By Juliet Grable
HE REFRIGERATOR USED TO BE a design problem, the goal of which was to make the bulky appliance as unobtrusive as possible. Contractors could build cabinets around them, or modify the walls behind them so they didn’t stick our as far. “Flexibility” meant shelves that could be rearranged.
Not anymore. Companies have found clever ways to transform the once clumsy box into a design statement. Counter-depth refrigerators integrate seamlessly into surrounding cabinetry, and can be completely hidden with custom wood-panel doors, or highlighted with sleek stainless steel. Some manufacturers have stretched the humble box into a tall, regal column, or squeezed its proportions so it fits under the counter, like a dishwasher. In other cases, they’ve separated the refrigerator from the freezer, breaking the box into slimmer, smaller components.
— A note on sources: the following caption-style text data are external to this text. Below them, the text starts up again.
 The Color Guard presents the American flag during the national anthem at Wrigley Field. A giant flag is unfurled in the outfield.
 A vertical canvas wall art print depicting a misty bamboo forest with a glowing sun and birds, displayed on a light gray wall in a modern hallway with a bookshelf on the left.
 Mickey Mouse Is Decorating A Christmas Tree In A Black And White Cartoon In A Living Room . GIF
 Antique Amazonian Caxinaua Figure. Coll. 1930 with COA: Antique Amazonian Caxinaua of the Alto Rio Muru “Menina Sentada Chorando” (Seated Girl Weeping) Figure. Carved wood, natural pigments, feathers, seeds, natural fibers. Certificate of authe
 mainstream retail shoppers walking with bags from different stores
Drawers that pull out from under the counter bring the contents to the user, and can be installed anywhere. Modular collections, which offer refrigerator and freezer units in a range of widths, allow designers to mix and match for the ultimate customized kitchen.
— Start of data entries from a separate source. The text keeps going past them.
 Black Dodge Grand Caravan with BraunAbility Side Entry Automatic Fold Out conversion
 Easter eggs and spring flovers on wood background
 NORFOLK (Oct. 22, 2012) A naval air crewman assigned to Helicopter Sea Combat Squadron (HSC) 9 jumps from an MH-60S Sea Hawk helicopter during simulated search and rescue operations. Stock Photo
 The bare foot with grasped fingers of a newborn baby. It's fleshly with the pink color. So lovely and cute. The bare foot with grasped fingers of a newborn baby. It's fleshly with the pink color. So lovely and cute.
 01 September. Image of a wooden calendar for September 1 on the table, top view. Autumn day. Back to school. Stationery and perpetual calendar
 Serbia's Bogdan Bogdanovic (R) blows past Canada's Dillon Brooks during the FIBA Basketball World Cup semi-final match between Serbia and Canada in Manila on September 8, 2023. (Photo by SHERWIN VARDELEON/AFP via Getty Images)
There’s more flexibility inside, too—from drawers that change configuration at the touch of a button to advanced temperature controls. Some units can even switch from freezer to refrigerator. “Connected” technology allows users access real-time energy use and control settings remotely, resulting in more efficient operation.
Energy-efficient options are available in all of these categories. We’ve highlighted some of them in this Product Spotlight. Just keep in mind: it’s the cumulative energy use of all units that counts.
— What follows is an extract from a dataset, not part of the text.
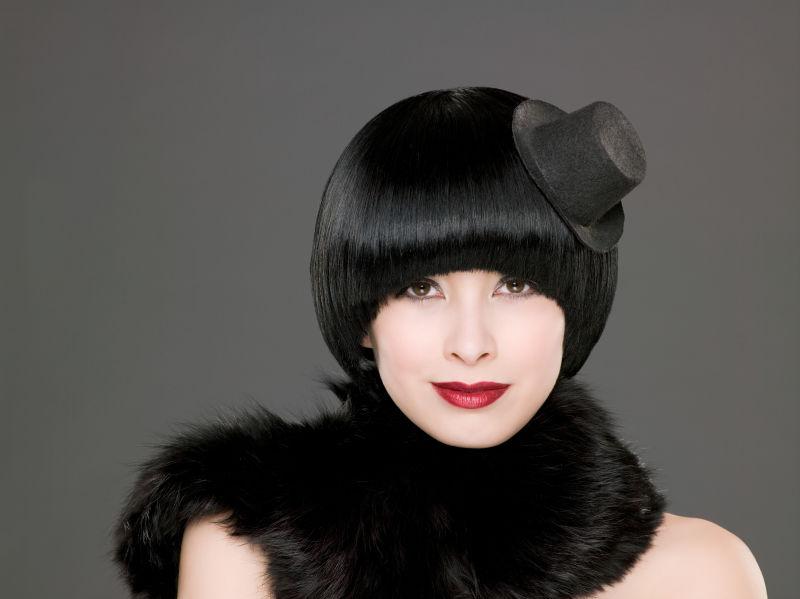 时尚的美女带着黑色的小帽子发饰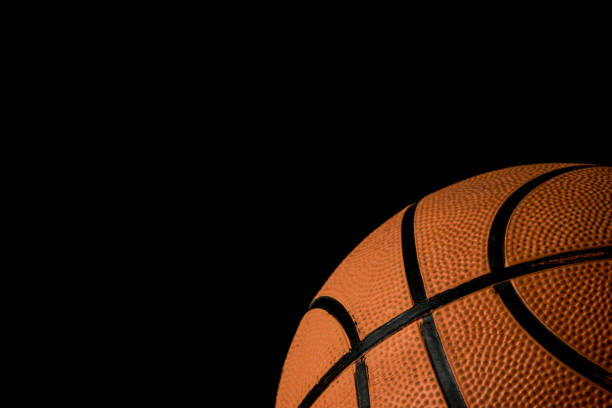 istock A single basketball isolated on a black background 813015248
When searching for an energy-efficient model, the Energy Star rating is a good place to start. Just make sure you’re comparing apples to apples.
In the U.S. alone, 126 million refrigerators and 38 million freezers operate 24 hours a day, consuming a combined total of nearly 200 billion kWh of electricity each year. Overall, refrigeration accounts for 8 percent of residential energy use.
After an all-time low in the late 1980s, refrigerator efficiency has been steadily improving. A suite of strategies—a larger casing for insulation, higher-performing insulation, more-efficient (optional) compressors and heat exchangers, “smart” controls that allow a user to individually control compartments and LED lighting—have transformed these energy pigs into lean machines.
In September of this year, upgraded energy efficiency standards (set by the U.S. Department of Energy in 2011) will kick in. The DOE estimates these new standards will result in a 30-year savings of 4.84 quads of energy (and 344 million metric tons of carbon), and an economic savings of $36 billion. Energy Star refrigerators will have to be 10 percent more efficient than their uncertified counterparts. In addition, the program is awarding a “connected allowance” to units that are “smart-grid ready” or that give users access to energy usage data and allow them to change settings remotely.
While this is good news, other factors come in to play. The number of households has increased, and along with it, the total number of units up and running. In addition, more households than ever (20 percent according to DOE estimates) have more than one refrigerator. Conventional refrigerator/freezers aren’t getting any smaller, either. The average American fridge measures about 17.5 cubic feet.
Here are a few rules of thumb to keep in mind when scouting for the most efficient models:
Upgraded standards for refrigerators’ energy efficiency, set by the Department of Energy in 2011, will kick in later this year. The DOE changed the way annual usage is determined, which means the same model scrutinized under the new guidelines might yield different, and in some cases, higher values. This is because the new standards use a higher electricity rate ($0.12/kWh versus $0.11/kWh) and a figure called the Adjusted Volume (AV), which takes into account the higher energy usage required by a unit’s freezer compartment. This is calculated by multiplying the freezer volume by 1.63 and adding it to the refrigerator volume (for freezer-only units, the total volume is multiplied by 1.73). Until every manufacturer has updated its labels, comparing models could get a little confusing; however, the new Energy Guide stickers should more accurately reflect an appliance’s energy usage and cost of operation.